§ About this task: Your task is to restate the listing word for word without the pictures.

[Input data — start]

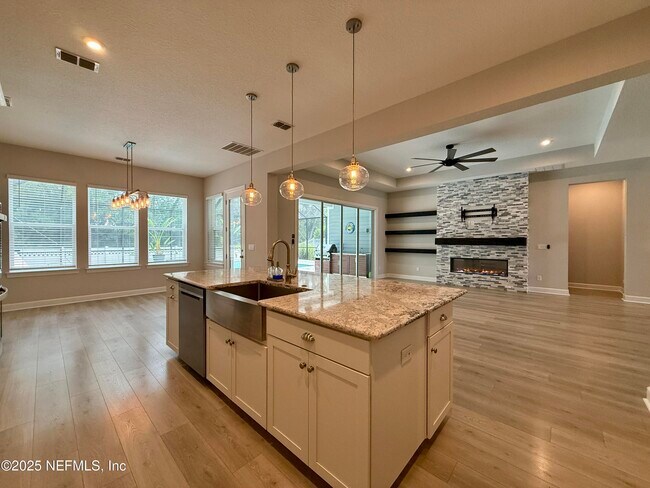 Building Photo - 505 Windwalker Dr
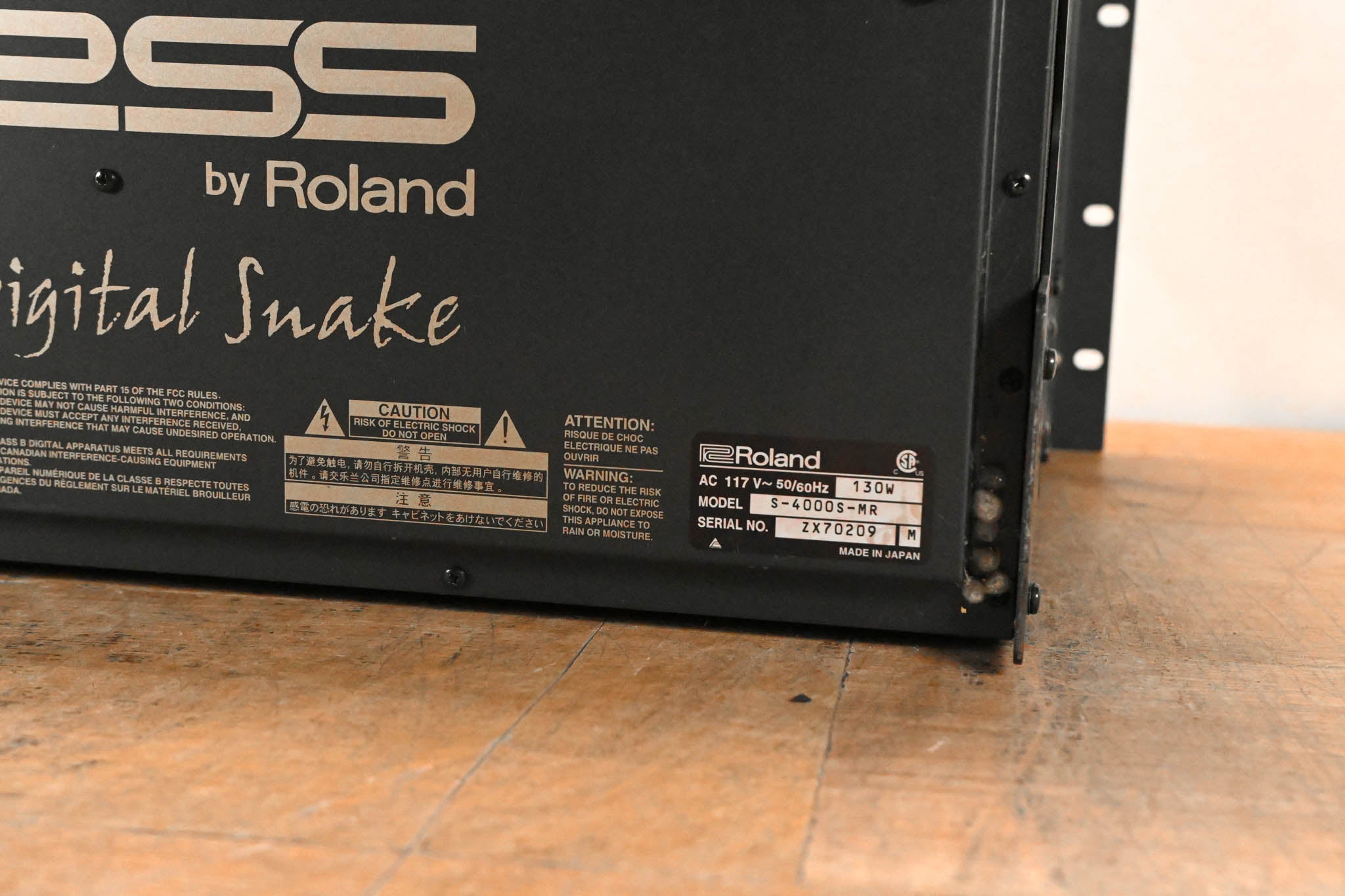 Roland S-4000S Digital Snake 40-Output Modular Stage Unit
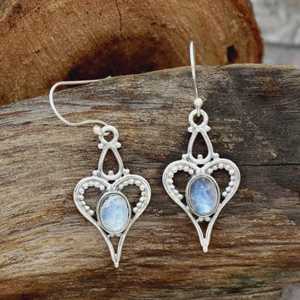 Boucles d'oreilles clous en pierre de lune arc-en-ciel plaqué or argent sterling, style bohème élégant, cadeau idéal pour femme - Product Image 5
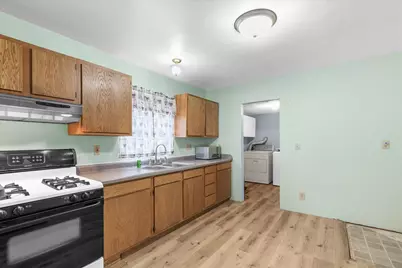 4924 Pleasant Grove Road, Lansing, MI 48910 - Photo 7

[Input data — finish]

§ Answer area:
 Building Photo - 505 Windwalker Dr
 Roland S-4000S Digital Snake 40-Output Modular Stage Unit
 Boucles d'oreilles clous en pierre de lune arc-en-ciel plaqué or argent sterling, style bohème élégant, cadeau idéal pour femme - Product Image 5
 4924 Pleasant Grove Road, Lansing, MI 48910 - Photo 7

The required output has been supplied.